Development

June 12, 2026 · View on GitHub

This guide covers local setup, helper builds, validation, and release notes for contributors.

Requirements

  • macOS for native helper development and computer-use QA.
  • Node.js >=20.6.0.
  • Xcode command line tools for native helper builds.
  • Pi for extension testing.

Local Setup

Install dependencies:

npm install

Run checks:

npm test

Run this checkout in Pi without loading another installed copy:

pi --no-extensions -e .

Helper Install Path

The runtime helper lives at:

~/.pi/agent/helpers/pi-computer-use/bridge

The helper needs:

  • Accessibility
  • Screen Recording

If permissions are missing, start Pi interactively and let the extension guide setup.

Helper Builds

Build for the current architecture into the repo prebuilt path:

npm run build:native

Build directly to the installed helper path. Use modern for macOS 14+ ScreenCaptureKit support, or legacy for the macOS 12+ CGWindow/screencapture helper:

node scripts/build-native.mjs --variant modern --output ~/.pi/agent/helpers/pi-computer-use/bridge
node scripts/build-native.mjs --variant legacy --output ~/.pi/agent/helpers/pi-computer-use/bridge

Build both release prebuilts for both helper variants:

node scripts/build-native.mjs --arch all --variant all

Release prebuilt helpers live at:

prebuilt/macos/arm64/modern/bridge
prebuilt/macos/arm64/legacy/bridge
prebuilt/macos/x64/modern/bridge
prebuilt/macos/x64/legacy/bridge

setup-helper.mjs selects modern on macOS 14+ and legacy on macOS 12/13, then copies the selected binary to ~/.pi/agent/helpers/pi-computer-use/bridge.

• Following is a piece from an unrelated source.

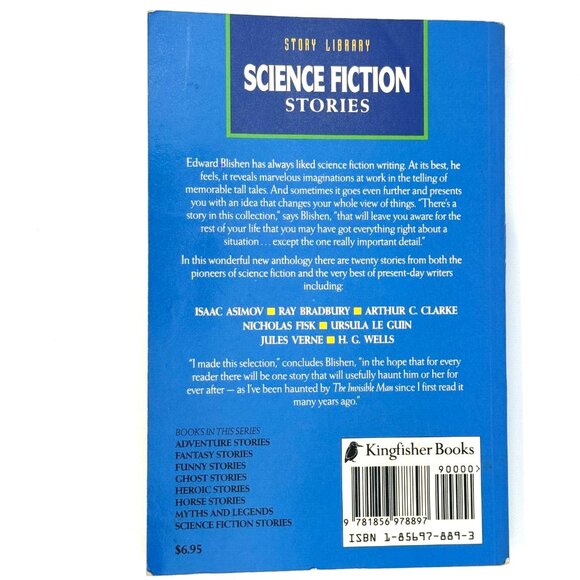 Science Fiction Stories Paperback chosen by Blishen, Edward / ISBN 1856978893 - Picture 2 of 8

Local helper builds are ad-hoc codesigned by default. For release builds, use a Developer ID Application certificate:

node scripts/build-native.mjs --arch all --variant all \
  --sign-identity "Developer ID Application: Your Team (TEAMID)" \
  --hardened-runtime \
  --timestamp

The default signing identifier is:

com.injaneity.pi-computer-use.bridge

Keep that identifier stable for release builds so macOS permissions remain tied to the same helper identity across updates.

Validation

For TypeScript and schema checks:

npm test

For documentation-only changes, proofreading markdown and checking touched links is usually enough.

Benchmarks

Use benchmark output when changing semantic target ranking, fallback policy, AX execution, browser handling, native helper behavior, permission/setup behavior, or payload efficiency.

The QA benchmark is a local Pi-extension harness, not a clone of CUAbench.ai/OSWorld/WebArena. It borrows their principles—task diversity, reset/cleanup, action efficiency, and regression checks—while measuring package-specific behavior: compact semantic AX results, selective image fallback, AX execution, latency, payload size, and optional CDP behavior.

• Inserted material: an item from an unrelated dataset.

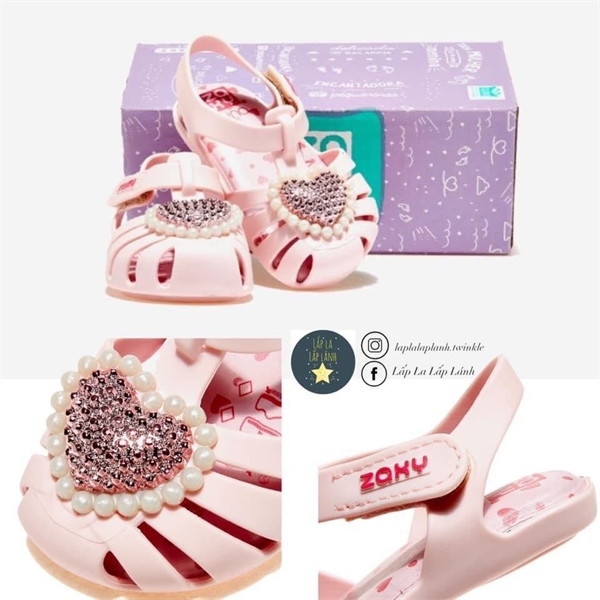Zaxy Sandal 83314 Beige size 140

Default benchmark, non-intrusive aside from inspecting already-running visible apps:

npm run benchmark:qa

Wider coverage that may open apps. TextEdit/Finder artifacts created by the harness are cleaned up by default:

npm run benchmark:qa:full

Browser tab/address-bar navigation is skipped by default. Run it only when you are okay with the active browser tab/window changing:

npx -y tsx benchmarks/qa.ts --allow-foreground-qa --allow-browser-navigation

Keep temporary benchmark windows/documents for debugging:

npx -y tsx benchmarks/qa.ts --allow-foreground-qa --allow-screen-takeover --leave-artifacts

Save and compare local results:

npx -y tsx benchmarks/qa.ts --allow-foreground-qa --output benchmarks/results/baseline.local.json
npx -y tsx benchmarks/qa.ts --allow-foreground-qa --baseline benchmarks/results/baseline.local.json --output benchmarks/results/current.local.json

For the CDP backend only (self-contained; launches a headless Chrome, needs no macOS permissions, and is also included in benchmark:qa runs under a separate cdp category):

npm run benchmark:cdp

Important metrics include AX-only ratio, vision fallback ratio, semantic coverage, AX execution ratio, latency, executed app/category/tool counts, and payload proxies (avgTextChars, avgImageBytes, avgContentJsonBytes, avgDetailsJsonBytes, avgPayloadBytes). In benchmarkSchemaVersion: 2, payload bytes are serialized content JSON plus serialized details JSON, not just text length.

Current goals and regression tolerances live in benchmarks/config.json.

Pull Requests

Before opening a PR:

  1. Open an issue.
  2. Get approval or alignment in the issue.
  3. Keep the change scoped.
  4. Include validation results.
  5. Attach the AI transcript if AI tools helped produce the PR.

See CONTRIBUTING.md for the project contribution policy.